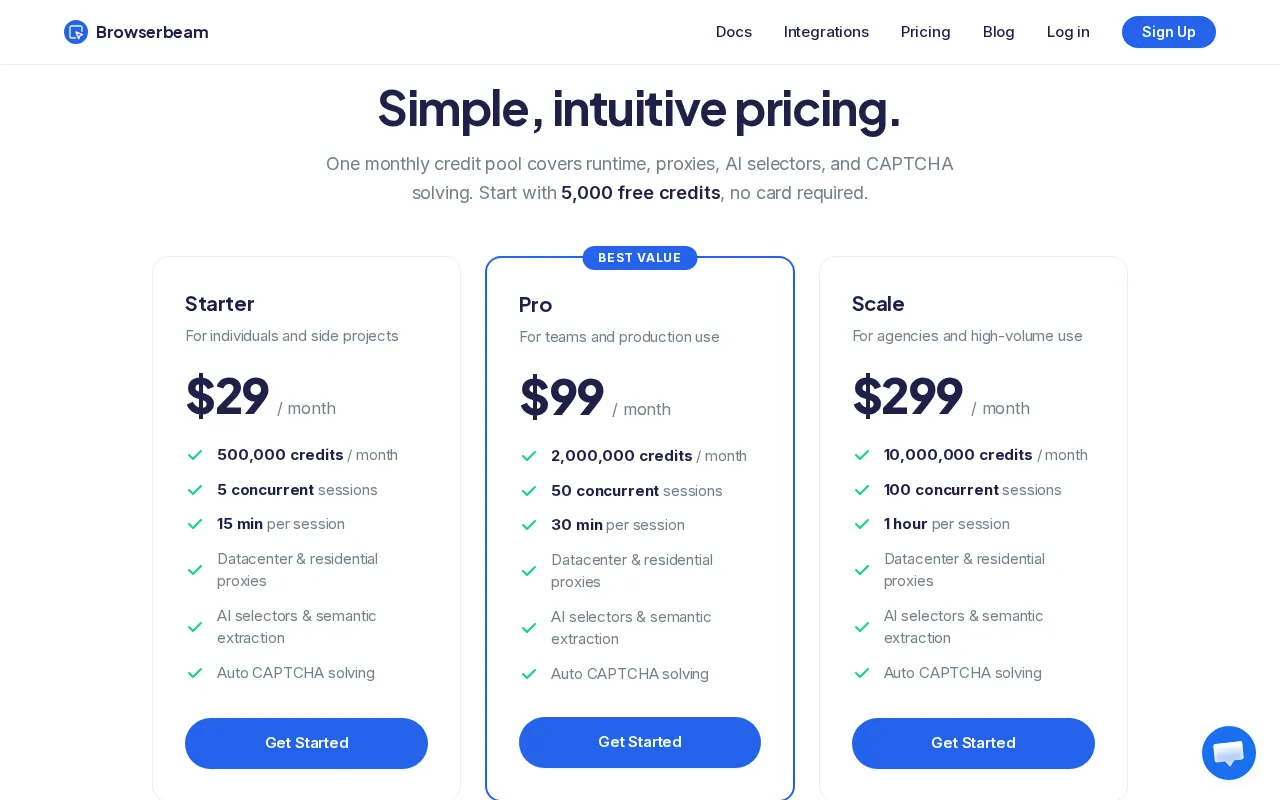 Browserbeam — pricing page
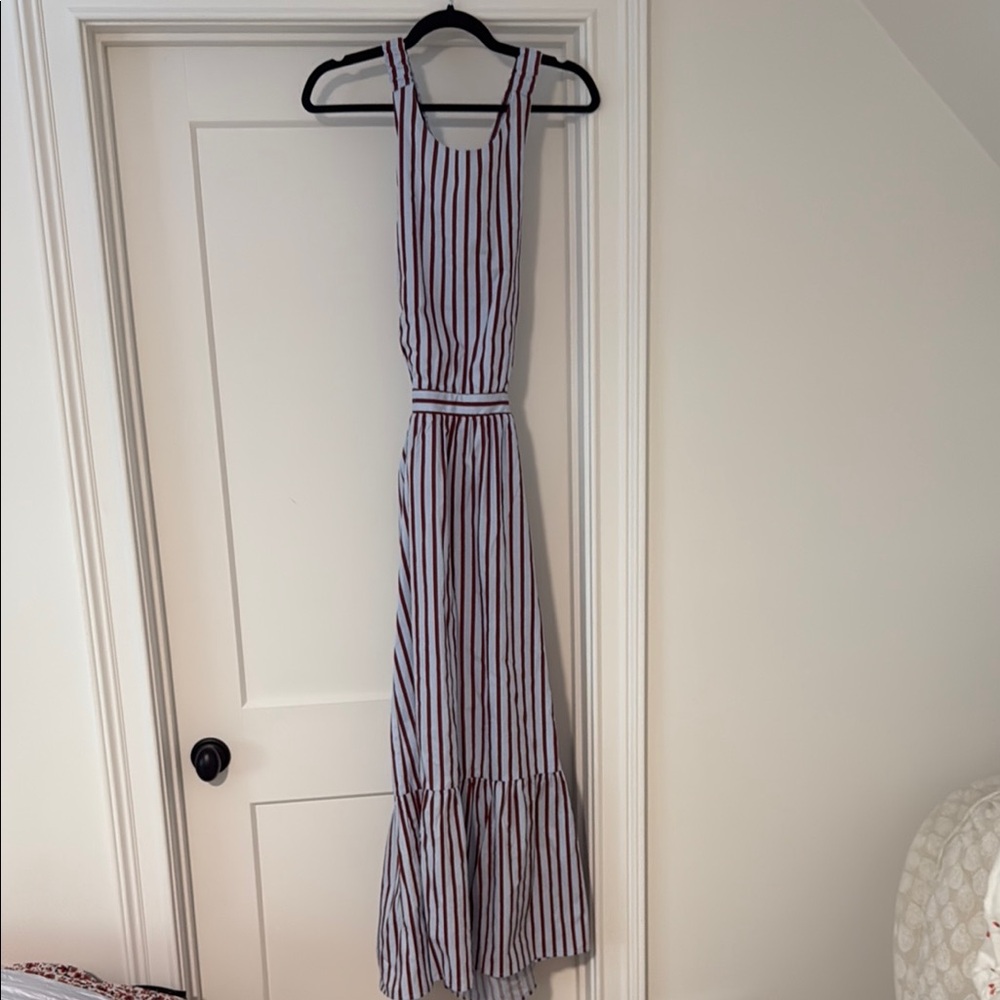 NWT English Factory Blue and Red Striped Maxi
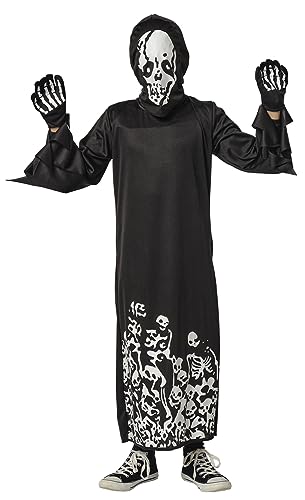 Rubies Déguisement de squelette sinistre Glow In Dark pour enfants ; Combinaison à capuche et gants, Officiel Rubies pour Halloween, Carnaval, Anniversaire, Fêtes Rubies Déguisement de squelette sinistre Glow In Dark pour enfants ; Combinaison à capuche et gants, Officiel Rubies pour Halloween, Carnaval, Anniversaire, Fêtes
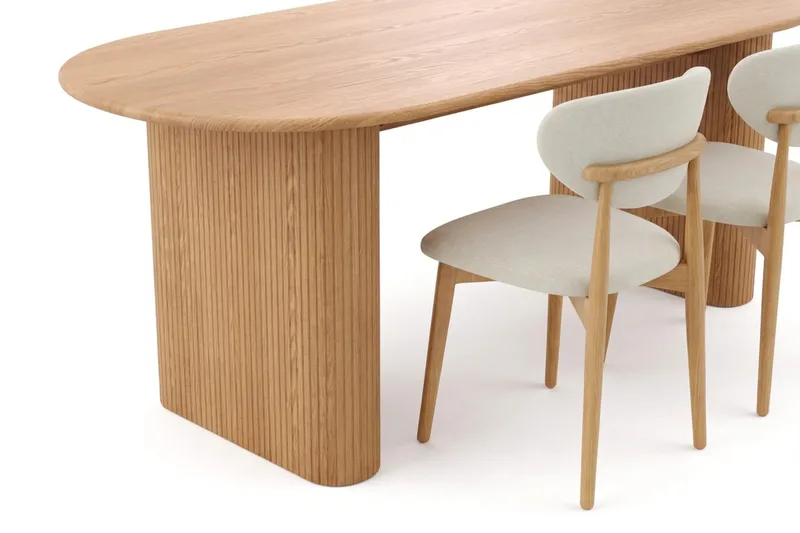 Noira spisegruppe rektangulær 180 cm eik med 6 Molly spisestoler - Eik - Møbler - Bord - Spisegrupper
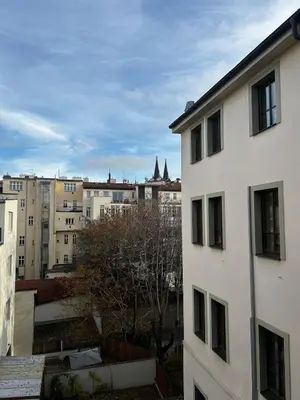 a view of a city from a building at Balbinova Grand Apartment Private Balcony in Prague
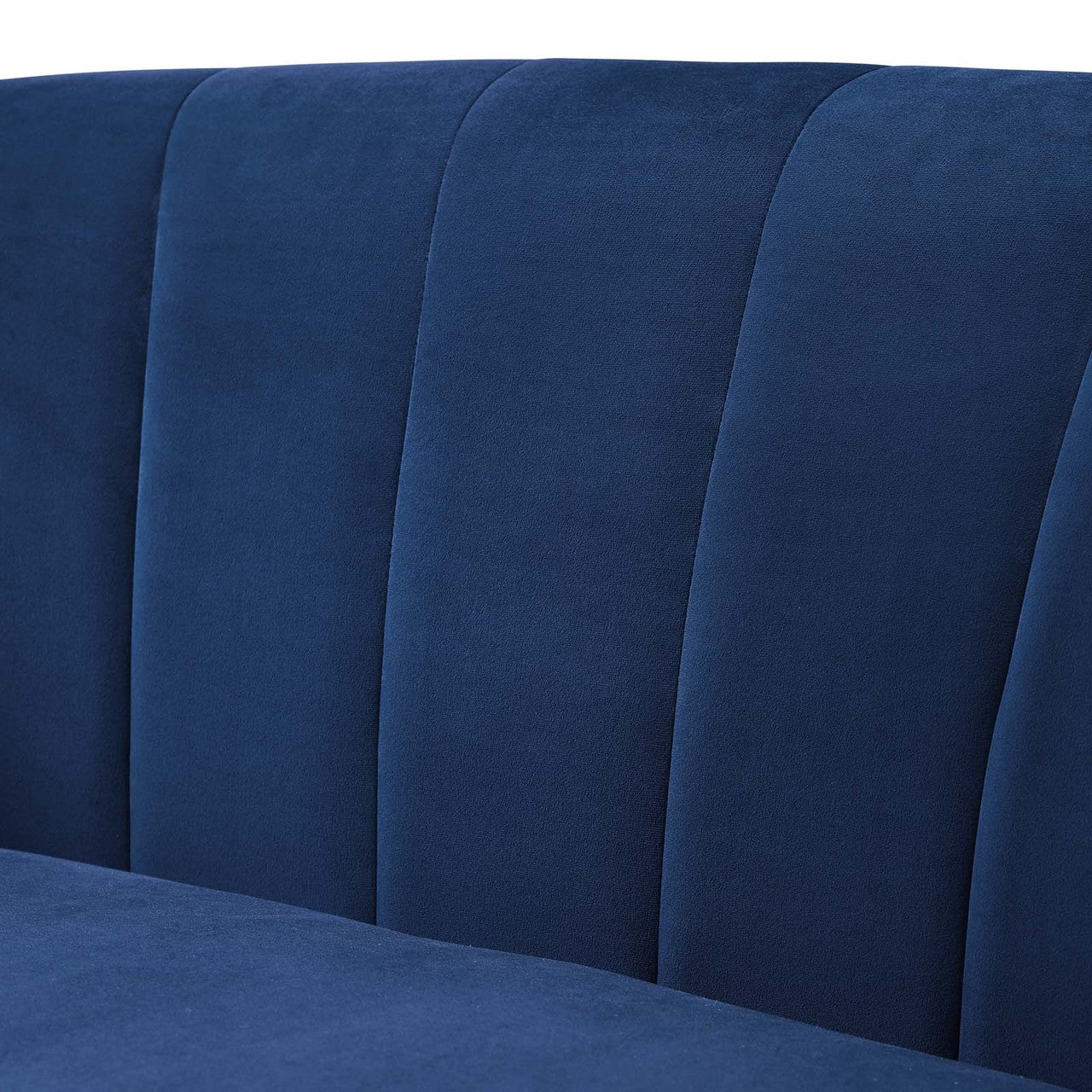 Prospect Channel Tufted Upholstered Velvet Armchair, Velvet Fabric, Navy Blue 15058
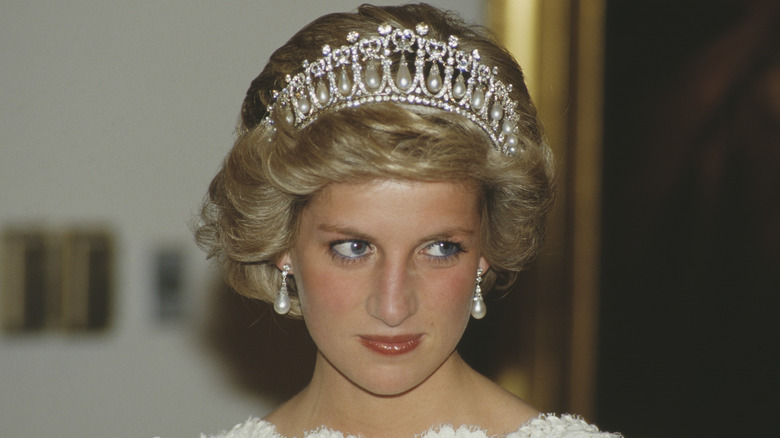 La princesse Diana portant un diadème en diamant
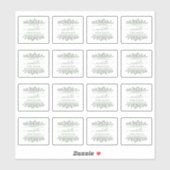 手書名緑植物学手作り シール (シート)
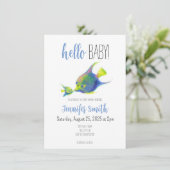 Invitation Baby shower de poisson ange (Debout devant)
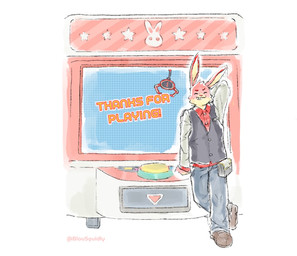 anthro arcade_machine black_clothing black_topwear black_vest bottomwear clothing denim denim_bottomwear denim_clothing eyebrows eyes_closed fanny_pack footwear fur grin hand_behind_head happy jeans male pants pink_body pink_fur red_clothing red_shirt red_topwear shirt simple_background smile solo teeth topwear vest white_background white_clothing white_shirt white_topwear blousquidly nintendo nintendo_badge_arcade arcade_bunny lagomorph leporid mammal rabbit 2024 english_description hi_res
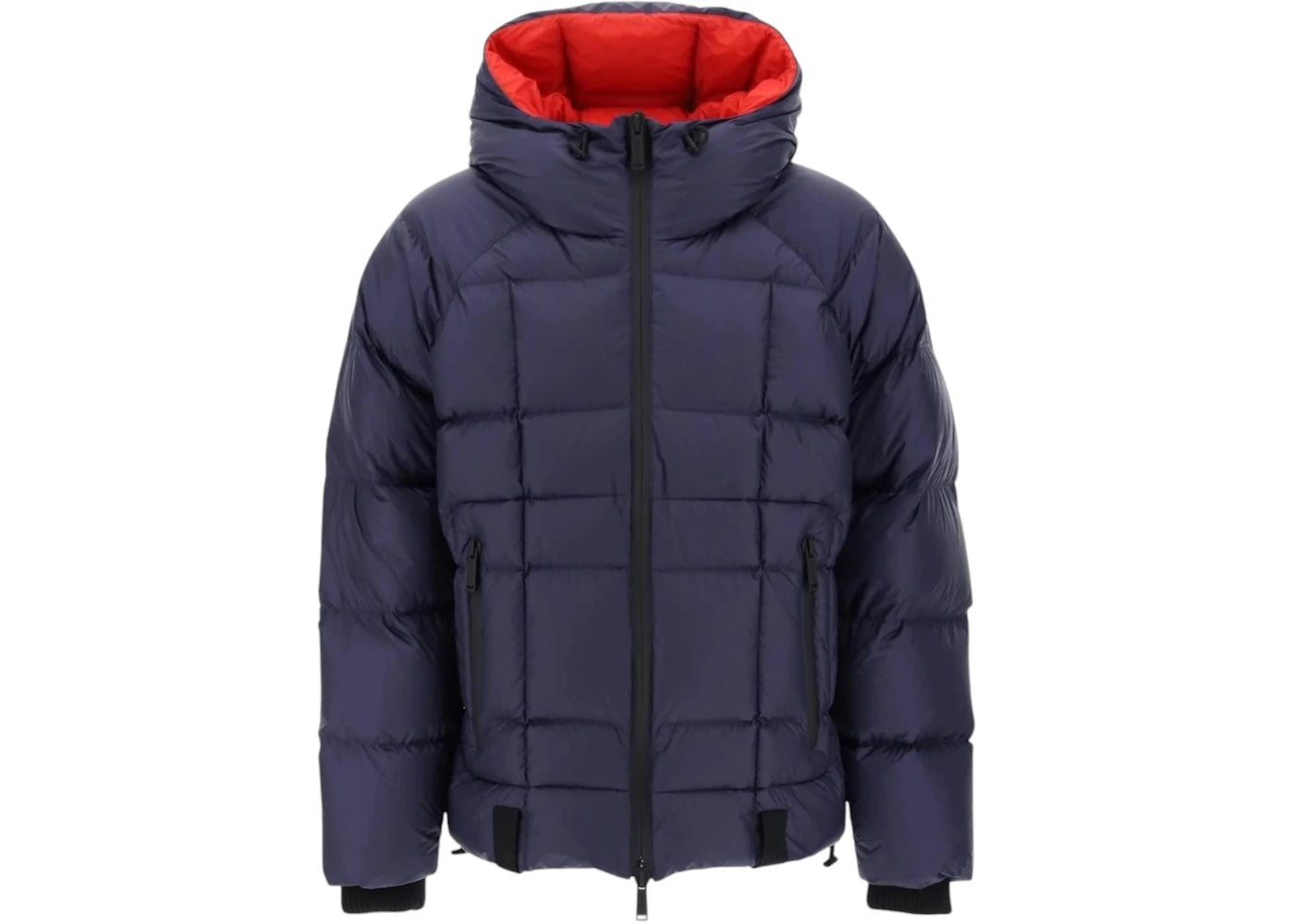 Dsquared2 Printed Logo Navy Hooded Down Jacket Blue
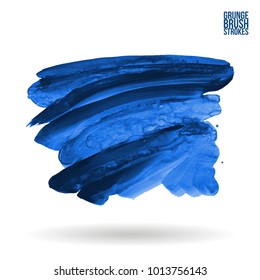 Blue brush stroke and texture. Grunge vector abstract hand - painted element. Underline and border design.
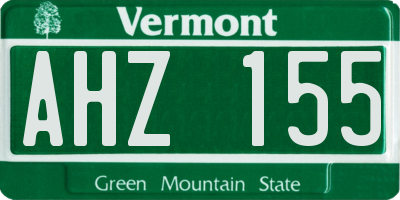 VT license plate AHZ155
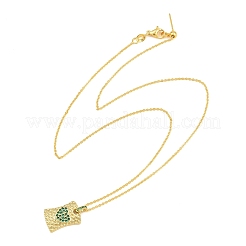 Brass Micro Pave Cubic Zirconia Rectangle with Heart Pendant Adjustable Slider Necklaces&nbsp;KK-CBA4547-08G-02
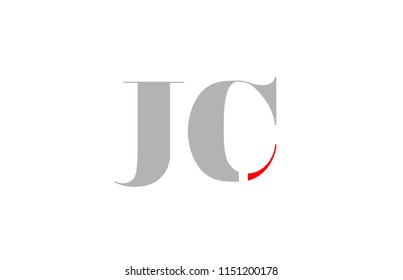 number jc j c logo design with grey red colors suitable for a company or business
:::::
Every line from the first line of the entries above through the line with "Noira spisegruppe rektangulær" must be repeated exactly, and pictures must not be.

 Browserbeam — pricing page
 NWT English Factory Blue and Red Striped Maxi
 Rubies Déguisement de squelette sinistre Glow In Dark pour enfants ; Combinaison à capuche et gants, Officiel Rubies pour Halloween, Carnaval, Anniversaire, Fêtes Rubies Déguisement de squelette sinistre Glow In Dark pour enfants ; Combinaison à capuche et gants, Officiel Rubies pour Halloween, Carnaval, Anniversaire, Fêtes
 Noira spisegruppe rektangulær 180 cm eik med 6 Molly spisestoler - Eik - Møbler - Bord - Spisegrupper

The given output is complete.